[Dataset records]
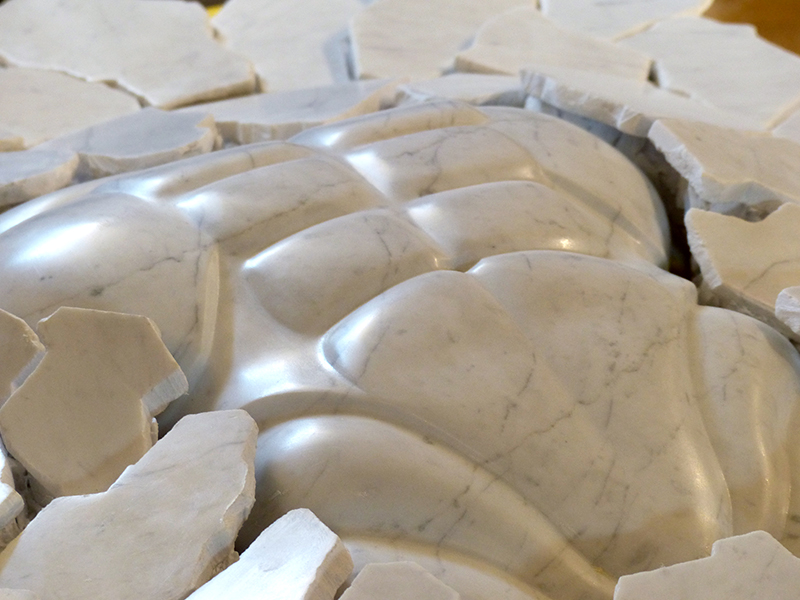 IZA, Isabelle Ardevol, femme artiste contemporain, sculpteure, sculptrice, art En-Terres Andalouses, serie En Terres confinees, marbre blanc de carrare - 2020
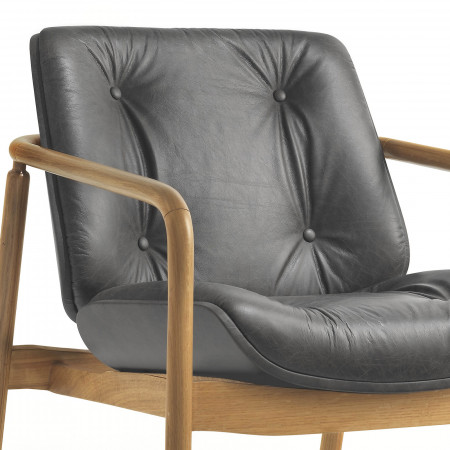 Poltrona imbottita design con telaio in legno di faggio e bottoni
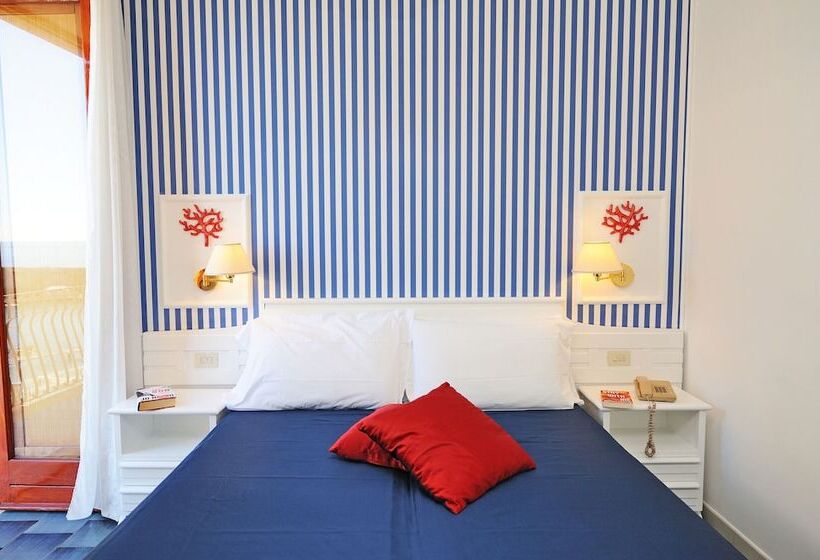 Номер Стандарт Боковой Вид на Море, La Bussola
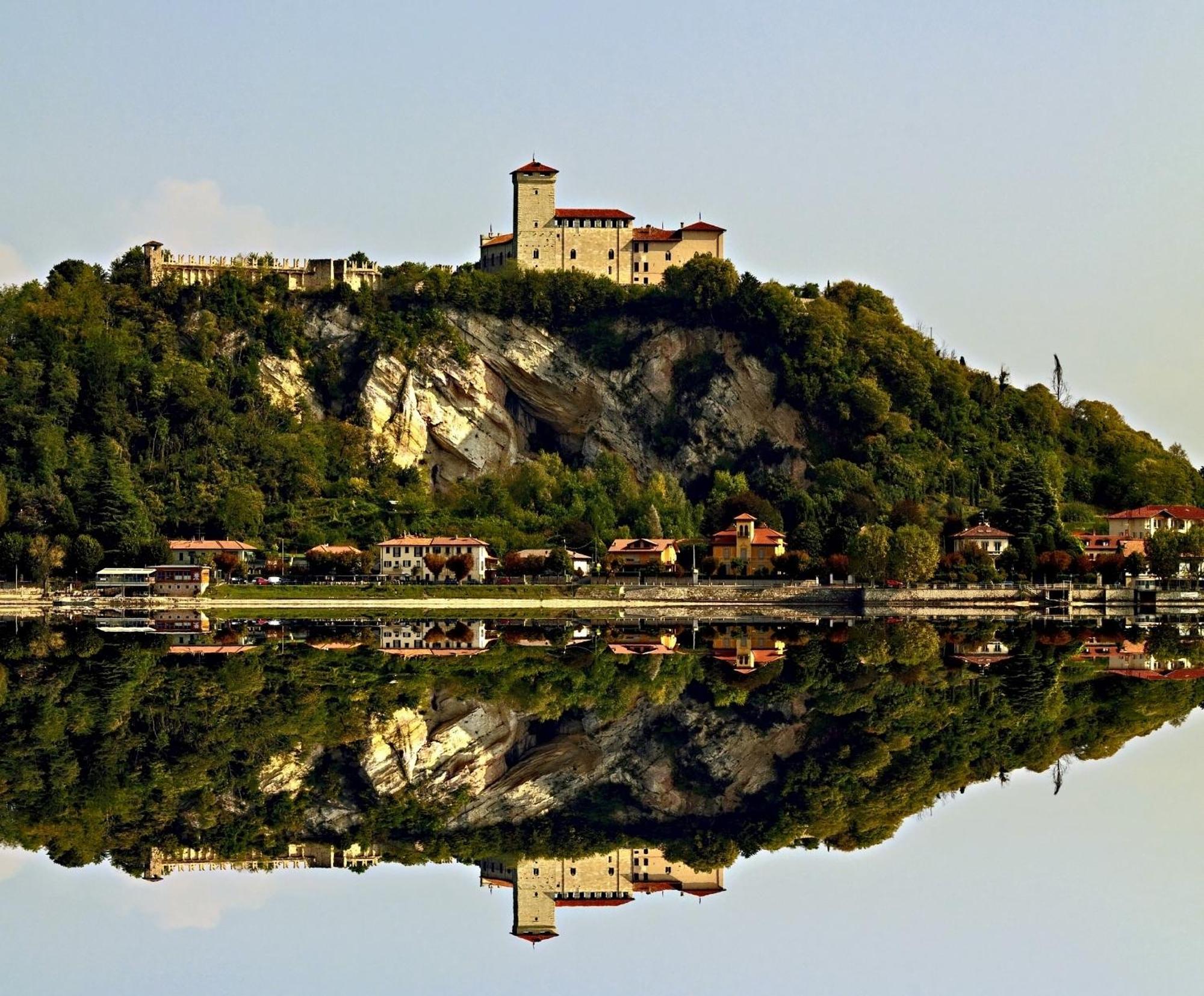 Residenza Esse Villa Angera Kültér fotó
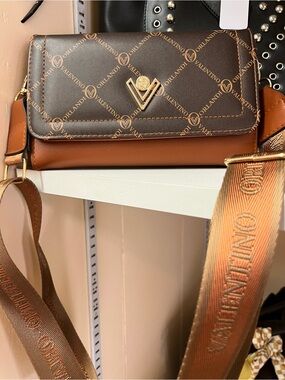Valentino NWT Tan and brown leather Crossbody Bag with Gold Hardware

◆ **Assignment**
Copy out the data verbatim, with no pictures.

◆ **Result of this exercise**
 IZA, Isabelle Ardevol, femme artiste contemporain, sculpteure, sculptrice, art En-Terres Andalouses, serie En Terres confinees, marbre blanc de carrare - 2020
 Poltrona imbottita design con telaio in legno di faggio e bottoni
 Номер Стандарт Боковой Вид на Море, La Bussola
 Residenza Esse Villa Angera Kültér fotó
Valentino NWT Tan and brown leather Crossbody Bag with Gold Hardware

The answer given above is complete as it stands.